Tuesday, July 28, 2009

Escape From Obscurity?

Hello out there in cartoon-land! I've been frequenting the interconnected network of cartoon blogs branching out from "John K Stuff", and finding plenty of great artists out there with very similar influences. It's always seemed like there's a fine line between self-promotion and pest, and I've always been uncertain which side I'll fall on if I try to get the attention of people who seem to be doing the same things I am. Every one of them was a stranger to each other at one point, but by the time I know who they are I'll imagine it's practically an exclusive club that's not really looking for the intrusion of an"outsider". Not a useful thing to expect rejection, but if you're an artist, I'm guessing you're familiar with the term.


Well, I couldn't feel much more like an outsider in my day to day life, surrounded by people at work that share no interests other than earning paychecks. Half the time I'm surrounded by people all speaking a different language, which really makes you feel like you belong. Going through these blogs helps assure me that more people like me are out there, They just have no idea that I'm here.

I've tried the whole assuming I'll be looked at like a wanna-be pest for a while, so I thought I might give actually trying to become known a shot. I've been adding my 2 cents on John K's posts for a while, annoyingly peppering my comments with mentions of myself and what I'm doing. I've resisted doing the "Hey, check out my blog!" thing because I find it a little obnoxious to ignore the topic of a post and just comment with a cry for attention. I'll also start commenting on other people's posts to help gain a little familiarity within the "community", but then only when I actually have something to add.



Next I'll start popping up as a follower of the blogs that catch my attention, and I'll start to fill out a links list for my blog, so in the event that someone's on it they can jump to some of the other fun filled blogs from mine. The internet is certainly a blessing in allowing people to make their work easily available to be seen by whoever they'd like, but you still have to figure out how to intice them to go there first. I think it's often more likely someone will take a liking to your work if you're not actively trying to ram it down their throats. There's a tendency to resist something somebody has to campaign for your attention over, as if it must be worthless if they have to try so hard.
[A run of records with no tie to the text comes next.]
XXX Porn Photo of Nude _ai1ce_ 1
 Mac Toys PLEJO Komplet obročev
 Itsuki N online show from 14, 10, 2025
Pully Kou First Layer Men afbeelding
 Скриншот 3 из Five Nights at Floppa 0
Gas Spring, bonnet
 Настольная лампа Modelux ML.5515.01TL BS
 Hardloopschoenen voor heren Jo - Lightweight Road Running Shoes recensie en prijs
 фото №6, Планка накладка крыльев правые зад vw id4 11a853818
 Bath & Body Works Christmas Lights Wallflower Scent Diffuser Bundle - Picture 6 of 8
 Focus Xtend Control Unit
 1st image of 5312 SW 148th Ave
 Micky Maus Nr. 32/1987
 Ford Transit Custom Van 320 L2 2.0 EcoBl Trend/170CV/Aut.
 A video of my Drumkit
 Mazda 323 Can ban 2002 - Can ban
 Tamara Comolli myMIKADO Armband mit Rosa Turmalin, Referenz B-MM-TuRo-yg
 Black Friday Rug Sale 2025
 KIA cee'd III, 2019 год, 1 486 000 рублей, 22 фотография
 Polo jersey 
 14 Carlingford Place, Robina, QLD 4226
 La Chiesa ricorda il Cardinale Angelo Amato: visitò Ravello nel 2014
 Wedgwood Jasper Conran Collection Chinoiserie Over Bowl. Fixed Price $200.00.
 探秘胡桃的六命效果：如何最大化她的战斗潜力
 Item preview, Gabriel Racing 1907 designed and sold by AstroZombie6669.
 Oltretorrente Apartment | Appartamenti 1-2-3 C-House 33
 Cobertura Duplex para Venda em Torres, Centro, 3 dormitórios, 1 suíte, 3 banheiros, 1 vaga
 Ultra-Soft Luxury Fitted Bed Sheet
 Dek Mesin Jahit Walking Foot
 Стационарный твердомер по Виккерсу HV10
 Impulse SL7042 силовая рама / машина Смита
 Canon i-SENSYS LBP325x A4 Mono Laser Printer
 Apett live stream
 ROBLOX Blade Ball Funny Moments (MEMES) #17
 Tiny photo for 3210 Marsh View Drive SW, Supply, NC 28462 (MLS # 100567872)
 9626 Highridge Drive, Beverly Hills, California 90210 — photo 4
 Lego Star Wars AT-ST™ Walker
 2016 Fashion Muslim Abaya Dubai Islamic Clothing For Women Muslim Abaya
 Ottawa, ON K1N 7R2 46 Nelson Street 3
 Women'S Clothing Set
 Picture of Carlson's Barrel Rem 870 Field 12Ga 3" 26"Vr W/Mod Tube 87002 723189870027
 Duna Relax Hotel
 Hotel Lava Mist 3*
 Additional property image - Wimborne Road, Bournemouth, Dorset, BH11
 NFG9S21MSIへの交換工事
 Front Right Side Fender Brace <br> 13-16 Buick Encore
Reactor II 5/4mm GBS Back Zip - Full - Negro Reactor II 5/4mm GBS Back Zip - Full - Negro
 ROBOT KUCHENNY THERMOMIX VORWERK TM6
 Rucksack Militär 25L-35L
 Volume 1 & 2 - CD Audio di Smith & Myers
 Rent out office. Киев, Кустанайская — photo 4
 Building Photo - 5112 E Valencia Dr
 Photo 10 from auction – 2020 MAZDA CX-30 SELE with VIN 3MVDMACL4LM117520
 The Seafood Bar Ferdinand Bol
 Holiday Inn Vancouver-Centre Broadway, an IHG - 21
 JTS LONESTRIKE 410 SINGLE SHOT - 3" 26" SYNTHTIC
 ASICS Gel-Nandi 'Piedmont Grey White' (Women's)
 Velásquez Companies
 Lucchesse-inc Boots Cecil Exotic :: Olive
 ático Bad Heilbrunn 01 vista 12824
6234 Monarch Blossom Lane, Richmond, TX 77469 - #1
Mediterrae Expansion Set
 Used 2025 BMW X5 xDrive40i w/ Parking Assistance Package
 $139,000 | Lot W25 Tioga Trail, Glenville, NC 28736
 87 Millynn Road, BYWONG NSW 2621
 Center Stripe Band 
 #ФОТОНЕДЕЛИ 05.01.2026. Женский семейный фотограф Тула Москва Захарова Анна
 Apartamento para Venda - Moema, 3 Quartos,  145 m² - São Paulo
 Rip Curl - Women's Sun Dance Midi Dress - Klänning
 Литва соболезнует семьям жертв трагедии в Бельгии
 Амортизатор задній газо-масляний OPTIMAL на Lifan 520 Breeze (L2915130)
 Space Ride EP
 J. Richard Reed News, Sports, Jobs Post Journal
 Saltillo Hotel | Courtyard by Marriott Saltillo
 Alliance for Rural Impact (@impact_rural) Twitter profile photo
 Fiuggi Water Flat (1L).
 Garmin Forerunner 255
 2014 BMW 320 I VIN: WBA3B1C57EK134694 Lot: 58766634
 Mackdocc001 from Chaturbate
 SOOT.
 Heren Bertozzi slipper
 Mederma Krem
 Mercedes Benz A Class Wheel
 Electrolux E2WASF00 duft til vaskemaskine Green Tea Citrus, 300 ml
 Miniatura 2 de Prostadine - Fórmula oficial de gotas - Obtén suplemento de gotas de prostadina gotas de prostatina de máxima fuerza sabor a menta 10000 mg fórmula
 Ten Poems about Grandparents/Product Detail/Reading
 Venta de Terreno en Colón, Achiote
I'm not a natuarl born networker, so if you're an artist who's blog I liked and I send you something, fear not. I'm not likely to become a pest and keep sending things, I'm just fishing for gaining familiarity. So far I've probably creeped out Kali Fontecchio by sending her my take on her character. I hope she didn't think I was just looking to pass messages through her to John K, or that I had any other motives. I'm just attempting to become known by some folks. It may just result in not being taken seriously by those more professionally positioned, like it's cute that I'm playing "the home version of the game" and I was just looking for a pat on the head from a "Pro", or it may finally get me connected a little more meaningfully with some people for a change. They often say it's not what you know, it's who you know. Well, I don't know anybody, so what sort of chance does that give me? Anyway, it's really neither of those options, it's who knows you.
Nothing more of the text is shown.